• WORK TO COMPLETE
Among the records that follow, set down only the lines from the one containing "shuttle buses for" to the one containing "151 N Lincoln, Fullerton, CA", both included, exactly.

-- SOURCE DATA follows --

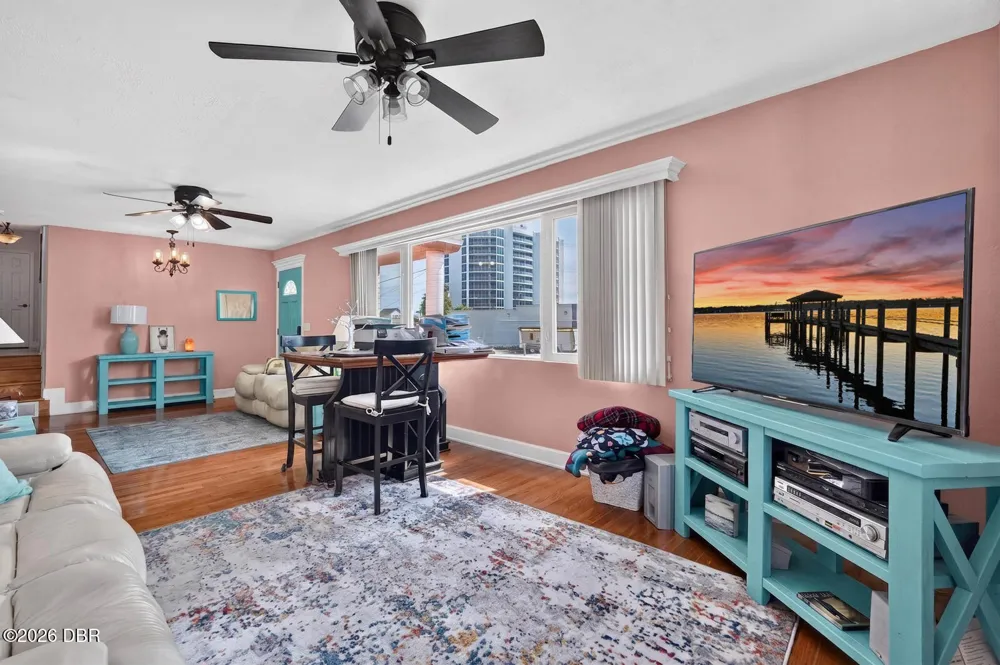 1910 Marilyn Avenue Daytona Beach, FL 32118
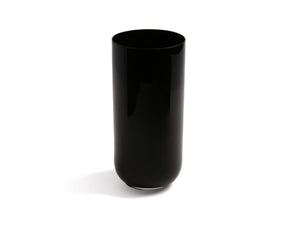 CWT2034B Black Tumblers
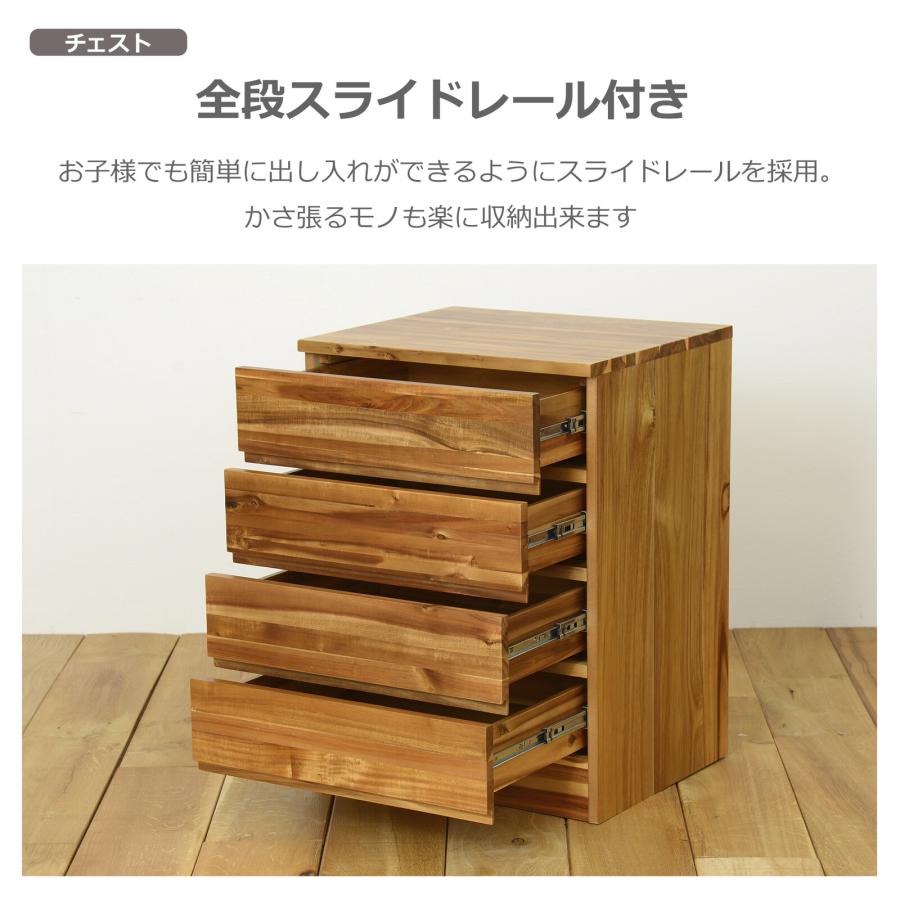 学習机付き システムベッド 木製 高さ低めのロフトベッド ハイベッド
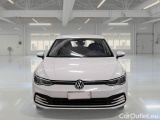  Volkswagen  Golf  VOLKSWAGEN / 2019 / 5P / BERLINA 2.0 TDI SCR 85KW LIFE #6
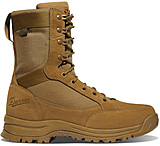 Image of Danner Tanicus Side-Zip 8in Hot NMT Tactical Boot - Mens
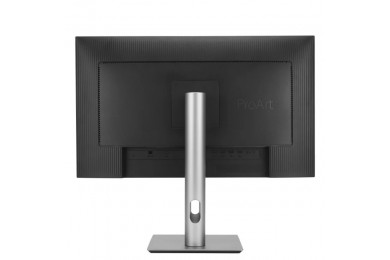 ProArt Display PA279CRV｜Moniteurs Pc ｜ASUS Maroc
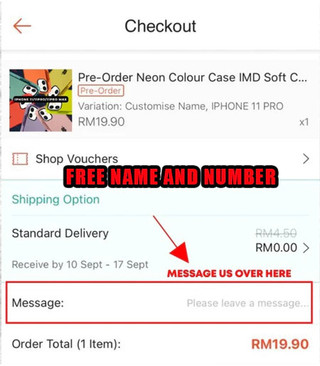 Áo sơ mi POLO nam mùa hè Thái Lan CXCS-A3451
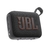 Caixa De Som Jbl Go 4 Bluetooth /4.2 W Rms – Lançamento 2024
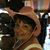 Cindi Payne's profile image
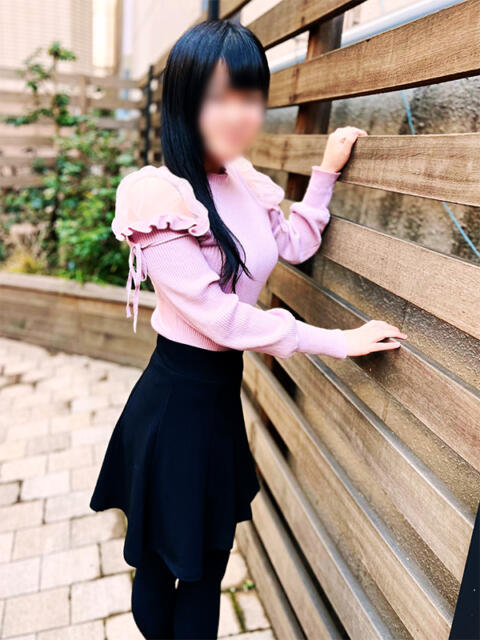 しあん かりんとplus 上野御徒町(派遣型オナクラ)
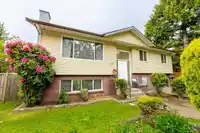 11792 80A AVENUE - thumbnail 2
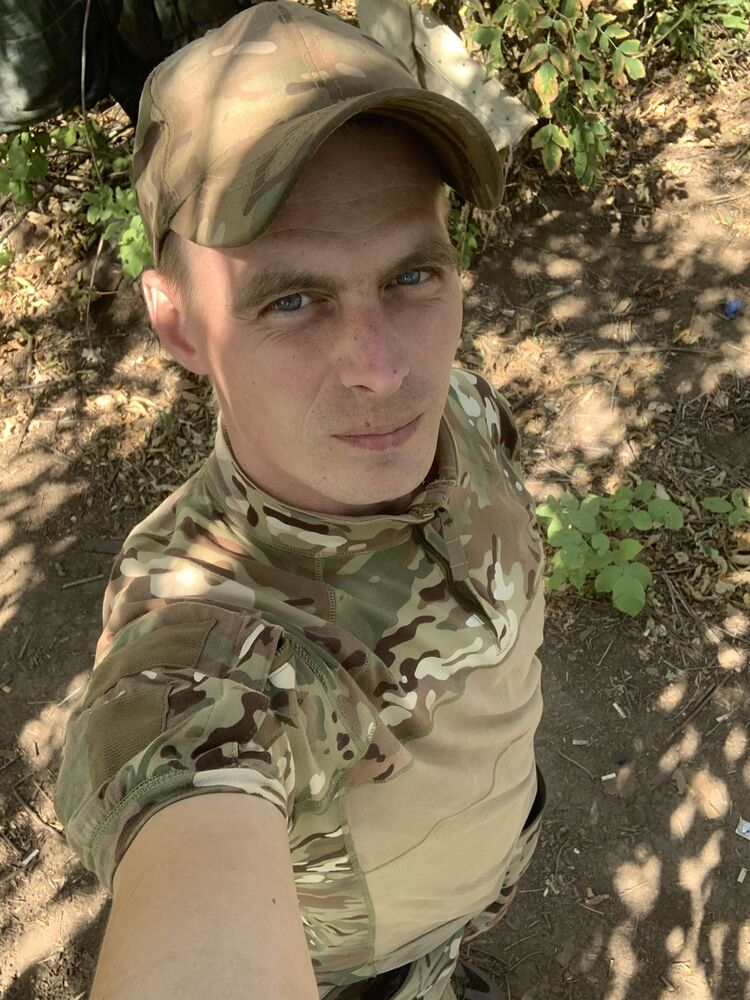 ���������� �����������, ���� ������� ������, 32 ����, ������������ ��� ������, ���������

-- SOURCE DATA concluded --
-- SOURCE DATA follows --

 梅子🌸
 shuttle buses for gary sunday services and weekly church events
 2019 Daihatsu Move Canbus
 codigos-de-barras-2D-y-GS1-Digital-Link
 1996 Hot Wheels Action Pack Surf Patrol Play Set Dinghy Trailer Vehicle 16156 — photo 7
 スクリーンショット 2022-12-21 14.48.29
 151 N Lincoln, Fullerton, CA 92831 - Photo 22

-- SOURCE DATA concluded --
-- SOURCE DATA follows --

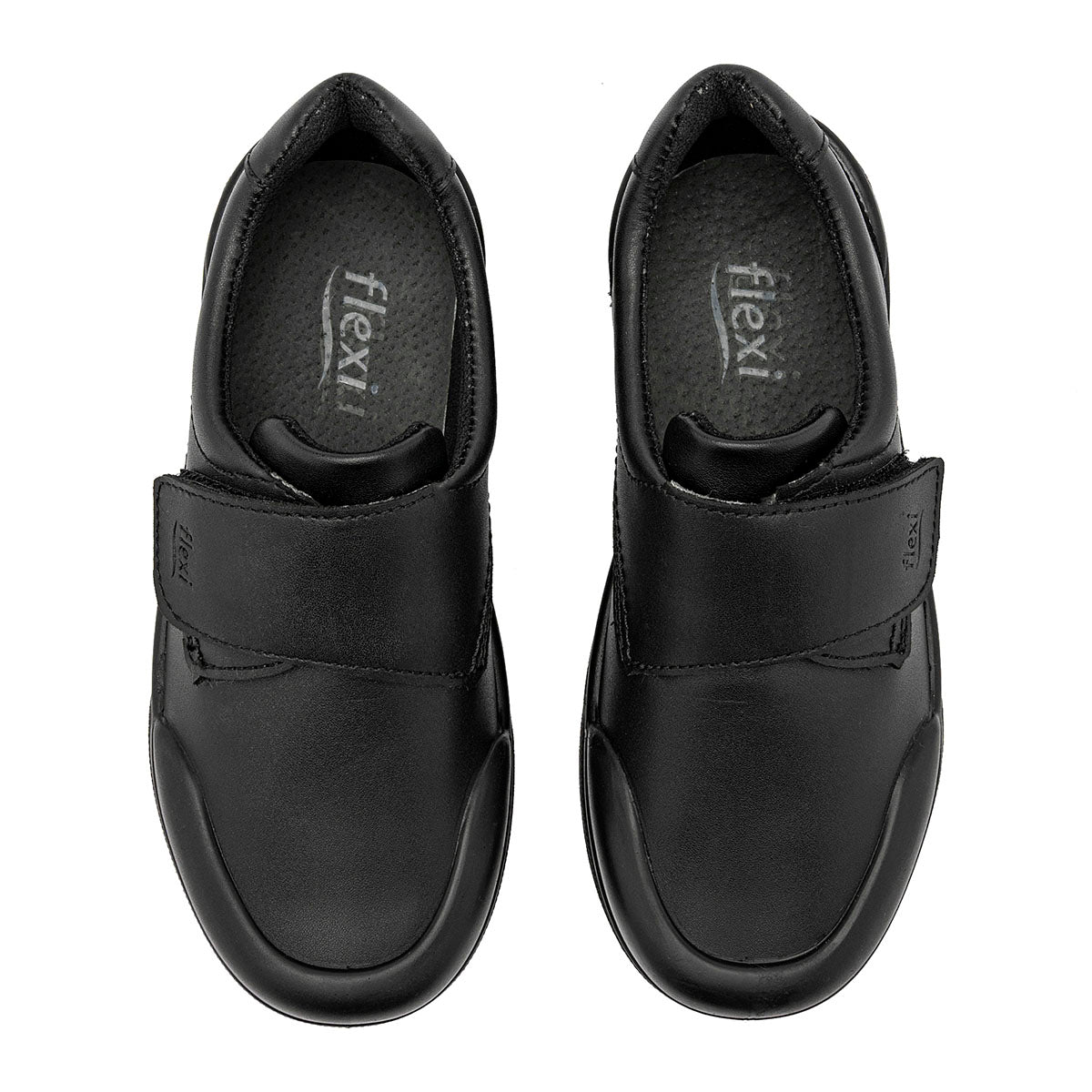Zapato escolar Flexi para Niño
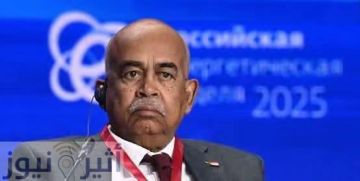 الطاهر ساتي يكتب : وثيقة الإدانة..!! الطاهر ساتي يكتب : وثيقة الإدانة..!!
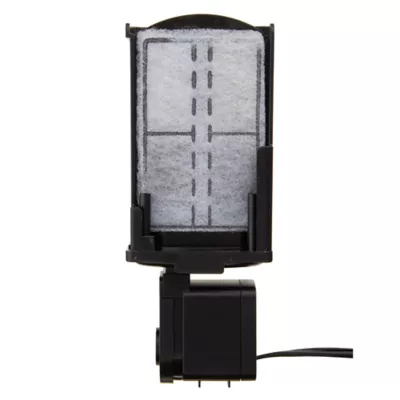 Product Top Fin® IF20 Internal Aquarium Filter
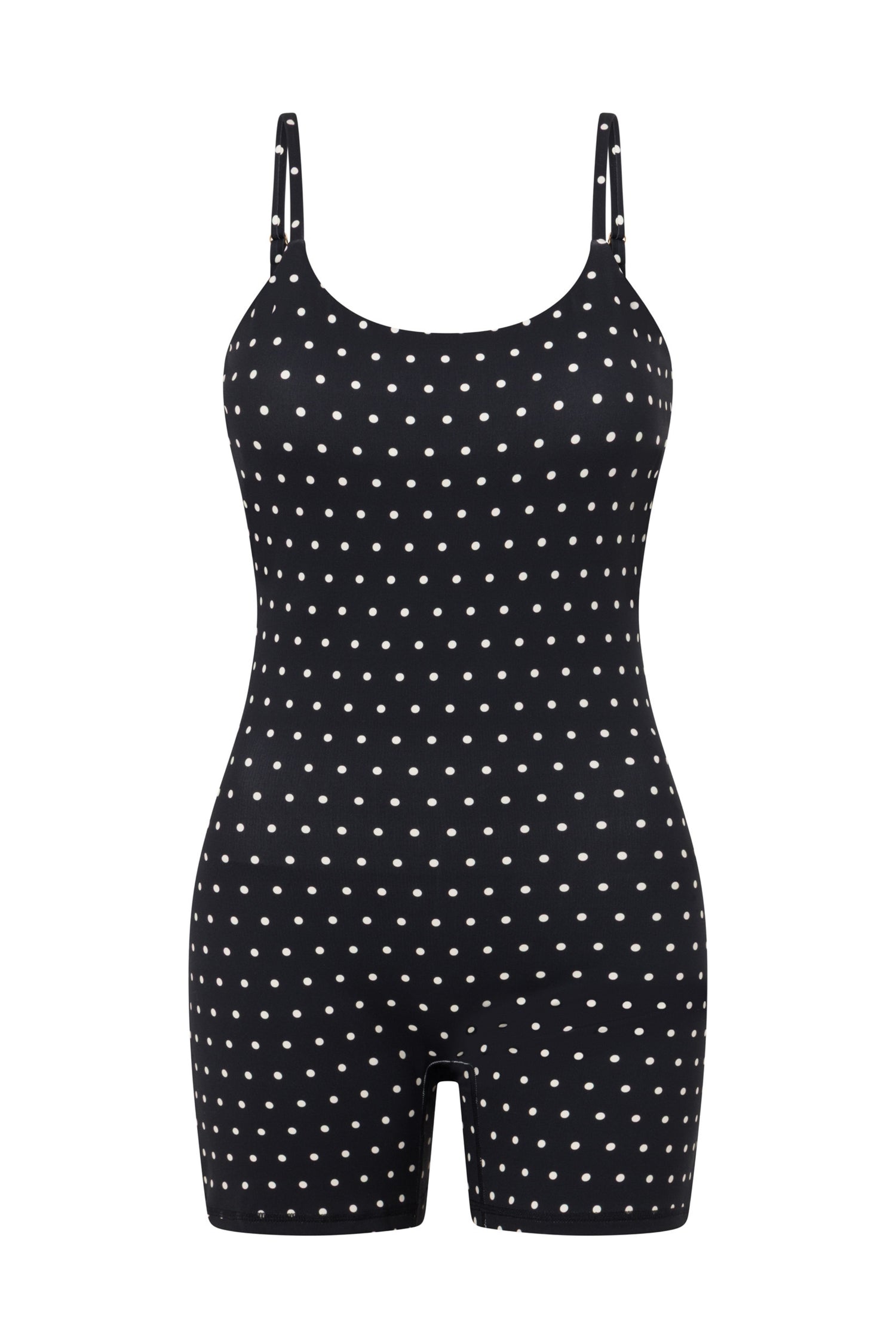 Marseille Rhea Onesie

-- SOURCE DATA concluded --

• RESULT
 shuttle buses for gary sunday services and weekly church events
 2019 Daihatsu Move Canbus
 codigos-de-barras-2D-y-GS1-Digital-Link
 1996 Hot Wheels Action Pack Surf Patrol Play Set Dinghy Trailer Vehicle 16156 — photo 7
 スクリーンショット 2022-12-21 14.48.29
 151 N Lincoln, Fullerton, CA 92831 - Photo 22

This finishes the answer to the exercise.